E invece i dinosauri esistono, eccome. Come i loro progenitori sono organismi giganteschi e voraci, preferibilmente carnivori. Ogni loro passo lascia impronte profonde nell’ecosistema in cui vivono, e sono capaci, cadendo, di provocare crolli a cascata e terremoti a distanza. A differenza dei loro progenitori, però, sono estremamente intelligenti.
Infatti per proliferare e ingrandirsi hanno scelto il migliore degli habitat possibili: tanto concreto quanto aereo: il mercato finanziario. Questi organismi, la BoE ne ha censiti 15 nel suo ultimo quaterly bulletin (“Investment banking: linkages to the real economy and the financial system”) muovono asset stimati per oltre 5 trilioni di dollari, ma soprattutto sono ovunque. A dispetto del loro numero esiguo, la loro influenza è pervasiva e ramificata. Sono pressoché onnipresenti in tutte le cronache dei mercati finanziari, visto che hanno a che fare con i governi, le banche commerciali, le imprese, le borse, e, in generale, tutti i vari tipi di intermediari.
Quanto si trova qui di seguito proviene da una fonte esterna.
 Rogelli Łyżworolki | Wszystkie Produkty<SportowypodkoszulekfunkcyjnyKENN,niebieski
Essere dinosauri, nel nostro tempo economico, significa perciò essere sistemici. E le banche di investimento sono fra i principali pilastri del sistema finanziario insieme alle banche centrali, e alle controparti centrali.
Qualcuno penserà a questo punto che sono prevenuto, ma posso assicurarvi che così non è. Patisco, come tutto ciò che è piccolo, il timore verso ciò che è grande, che mi appare per sua natura minaccioso. Mi dico che dev’essere una difetto della mia percezione, ma poi leggendo l’articolo della Boe mi scopro in buona compagnia.
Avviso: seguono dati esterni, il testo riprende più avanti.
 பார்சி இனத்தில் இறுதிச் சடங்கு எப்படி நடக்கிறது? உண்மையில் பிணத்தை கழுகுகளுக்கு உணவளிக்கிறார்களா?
Proprio in virtù del denaro che muovono e della quantità e qualità degli affari che gestiscono, le banche d’investimento sono un veicolo ideale di contagio. E basta ricordare cosa è successo al mondo quando è fallita Lehman Brothers, che fra questi dinosauri non era neanche uno dei più grossi. “E queste banche – ci ricorda la BoE – rimangono rilevanti per la stabilità finanziaria in Uk, poiché tutte le più grandi banche d’investimento hanno filiali a Londra“. E ciò spiega perché la banca centrale inglese abbia reputato utile dedicar loro un approfondimento.
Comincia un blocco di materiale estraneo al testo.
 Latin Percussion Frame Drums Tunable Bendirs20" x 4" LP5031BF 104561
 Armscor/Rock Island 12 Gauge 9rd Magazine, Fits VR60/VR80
Per poter apprezzare il lavoro che fanno, le banche di investimento, bisogna innanzitutto ricordare chi siano. La più grossa di tutte, il Tirannosauro rex, potremmo definirla, è la JP Morgan, che a dicembre 2013 risultava avere asset in trading per 895 miliardi di dollari, un bel po’ sopra Goldman Sachs, al secondo poso con 683. Il quartetto delle americane si chiude con Bank of America Merril Linch (665 mld) e Citigroup (625 mld). Poi abbiamo la tedesca Deutsche bank (595 mld), un’altra americana, la Morgan Stanley (564 mld), quindi un po’ di europee: Credit Suisse (511 mld), Barclays (481 mld), BNP Paribas (386 mld), Société Générale (369 mld), HSBC (351 mld), Royal Bank of Scotland (347 mld), UBS (256 mld), Crédit Agricole (163). Dulcis in fundo l’asiatica Mitsubishi (144 mld). Il che dà l’esatta misura di quanto pesi l’Oriente nel mercato finanziario globale.
Una volta che li abbiamo censiti, e ne abbiamo riconosciuto la pericolosità, è utile sapere, come ci ricorda la BoE, che proprio in ragione di ciò questi dinosauri sono soggetti alla regolazione finanziaria. Quindi sono vigilate dalla stessa BoE e dalla Financial conduct Authority (FCA). Ciò ovviamente viene reso complesso dalla vocazione globale di questi soggetti, e anche dal fatto che si tratta in molti casi di banche universali, che sommano alle attività tipiche delle banche di investimento (trading, assistenza per i collocamenti, emissioni obbligazioni, eccetera) anche quelle tipiche delle banche commerciali (accensione di depositi, concessione di prestiti e facilitazione dei pagamenti).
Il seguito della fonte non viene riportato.